* **Material provided**:
▼

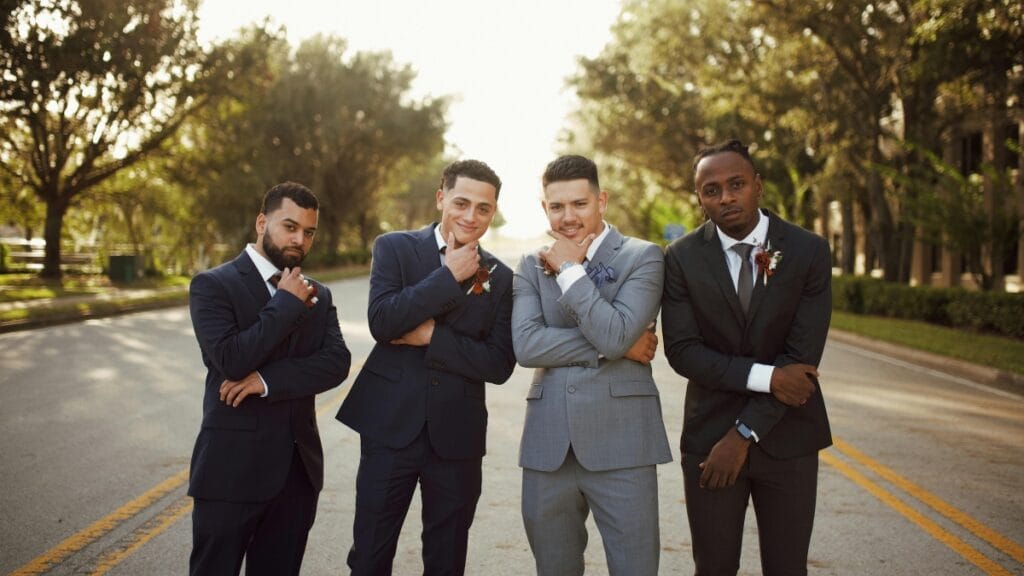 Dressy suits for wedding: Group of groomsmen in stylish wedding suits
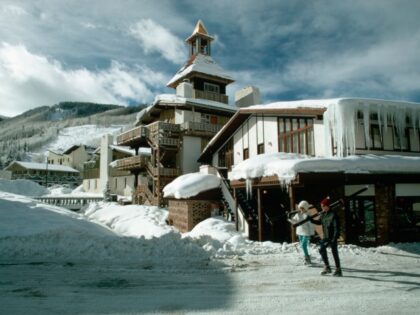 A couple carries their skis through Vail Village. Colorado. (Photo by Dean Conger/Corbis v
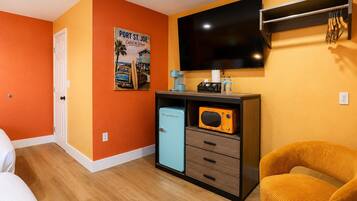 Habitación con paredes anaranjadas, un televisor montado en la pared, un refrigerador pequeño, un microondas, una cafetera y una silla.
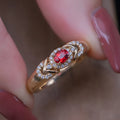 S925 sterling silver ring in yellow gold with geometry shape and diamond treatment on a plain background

▲

In the copy, keep every line of the data above exactly and drop each picture.

* **Response to this task**:
 Dressy suits for wedding: Group of groomsmen in stylish wedding suits
 A couple carries their skis through Vail Village. Colorado. (Photo by Dean Conger/Corbis v
 Habitación con paredes anaranjadas, un televisor montado en la pared, un refrigerador pequeño, un microondas, una cafetera y una silla.
 S925 sterling silver ring in yellow gold with geometry shape and diamond treatment on a plain background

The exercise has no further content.